#### [Supplied material]
::::::::::
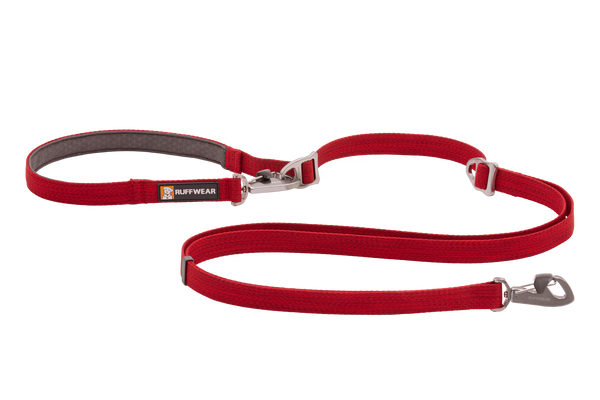 Dog best sale leash design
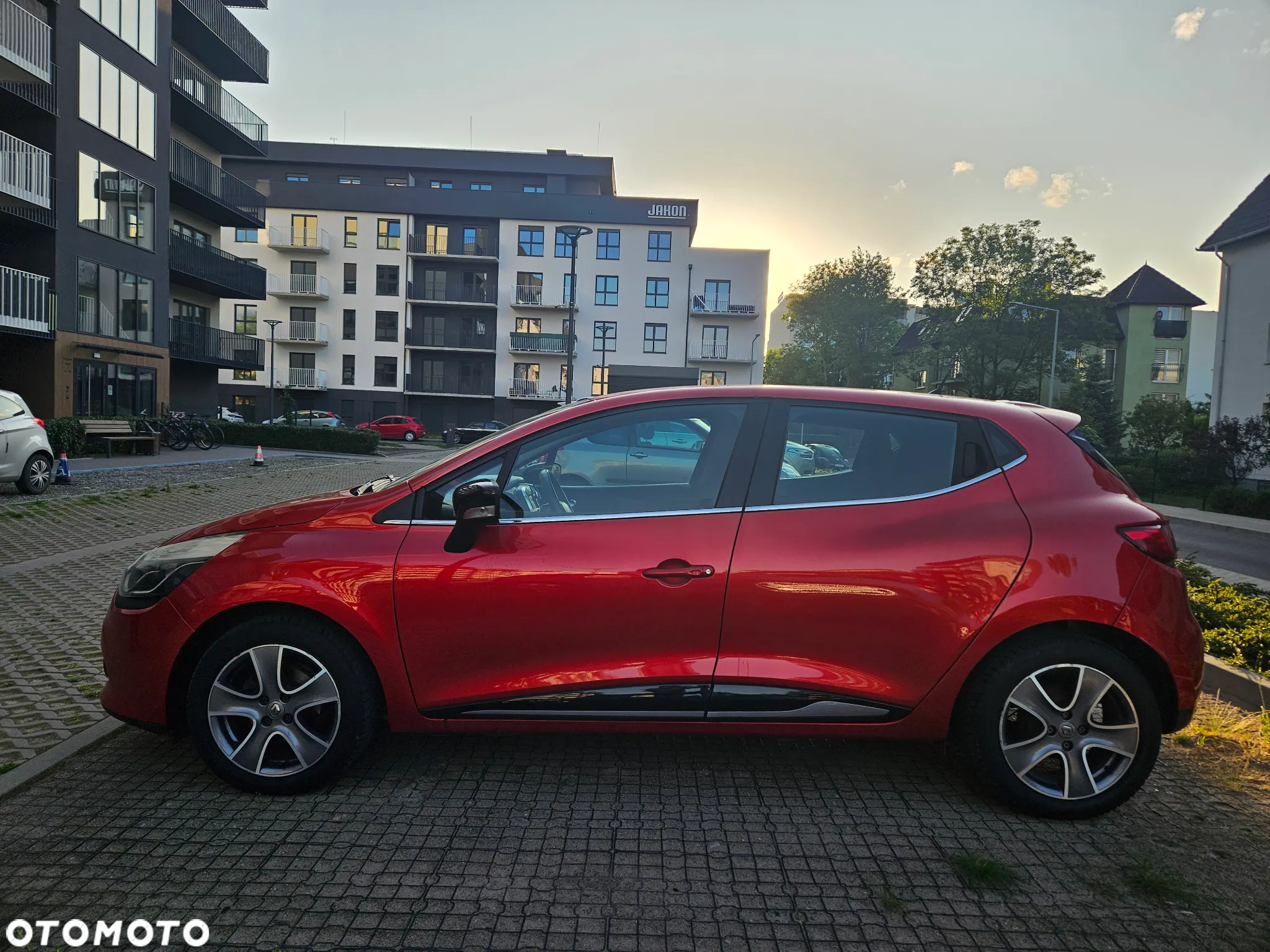 Renault Clio 0.9 Energy TCe Alize EU6 - 4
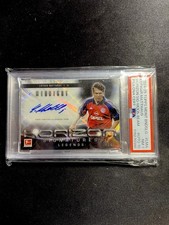Topps Midnight Bundesliga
::::::::::
#### [About this task]
Down to the final line, restate the material above word for word, but omit its pictures.

#### [Exercise result]
 Dog best sale leash design
 Renault Clio 0.9 Energy TCe Alize EU6 - 4
Topps Midnight Bundesliga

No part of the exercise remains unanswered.